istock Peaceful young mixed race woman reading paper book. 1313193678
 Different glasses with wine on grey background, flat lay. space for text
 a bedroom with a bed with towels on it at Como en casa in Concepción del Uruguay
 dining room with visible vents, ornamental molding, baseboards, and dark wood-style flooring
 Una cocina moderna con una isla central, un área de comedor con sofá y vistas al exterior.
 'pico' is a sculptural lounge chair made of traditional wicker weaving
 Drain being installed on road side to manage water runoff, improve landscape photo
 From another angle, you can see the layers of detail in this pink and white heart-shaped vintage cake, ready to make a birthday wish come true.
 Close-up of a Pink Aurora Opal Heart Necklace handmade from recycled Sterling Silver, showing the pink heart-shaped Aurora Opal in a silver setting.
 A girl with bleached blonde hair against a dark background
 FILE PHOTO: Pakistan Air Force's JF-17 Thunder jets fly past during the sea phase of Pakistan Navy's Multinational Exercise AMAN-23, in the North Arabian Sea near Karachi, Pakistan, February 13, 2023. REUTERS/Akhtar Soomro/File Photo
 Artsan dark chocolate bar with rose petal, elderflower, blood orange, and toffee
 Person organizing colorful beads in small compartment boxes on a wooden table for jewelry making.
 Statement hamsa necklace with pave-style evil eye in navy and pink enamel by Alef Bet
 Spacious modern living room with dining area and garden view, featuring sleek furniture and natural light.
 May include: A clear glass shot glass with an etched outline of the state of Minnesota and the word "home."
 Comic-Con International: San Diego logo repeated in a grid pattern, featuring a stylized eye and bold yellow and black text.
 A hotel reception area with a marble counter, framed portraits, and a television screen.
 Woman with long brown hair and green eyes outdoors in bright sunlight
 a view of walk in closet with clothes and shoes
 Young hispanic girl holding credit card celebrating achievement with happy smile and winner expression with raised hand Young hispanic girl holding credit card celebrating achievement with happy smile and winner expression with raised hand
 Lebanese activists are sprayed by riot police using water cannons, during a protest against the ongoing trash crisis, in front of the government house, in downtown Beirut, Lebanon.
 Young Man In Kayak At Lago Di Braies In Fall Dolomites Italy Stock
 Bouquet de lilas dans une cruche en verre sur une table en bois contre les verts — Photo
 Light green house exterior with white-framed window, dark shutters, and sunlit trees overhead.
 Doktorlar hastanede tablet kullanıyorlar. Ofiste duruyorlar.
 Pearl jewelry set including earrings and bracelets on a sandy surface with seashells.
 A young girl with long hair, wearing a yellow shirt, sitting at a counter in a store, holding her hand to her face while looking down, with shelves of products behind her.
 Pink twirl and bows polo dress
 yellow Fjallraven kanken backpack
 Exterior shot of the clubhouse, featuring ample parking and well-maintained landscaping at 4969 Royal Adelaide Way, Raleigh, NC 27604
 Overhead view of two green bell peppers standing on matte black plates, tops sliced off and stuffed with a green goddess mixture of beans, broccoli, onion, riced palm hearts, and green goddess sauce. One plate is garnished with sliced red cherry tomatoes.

——————————

> _Action item_:
Report each line in the data that holds the word "jewelry".

> _Response below_:
 Person organizing colorful beads in small compartment boxes on a wooden table for jewelry making.
 Pearl jewelry set including earrings and bracelets on a sandy surface with seashells.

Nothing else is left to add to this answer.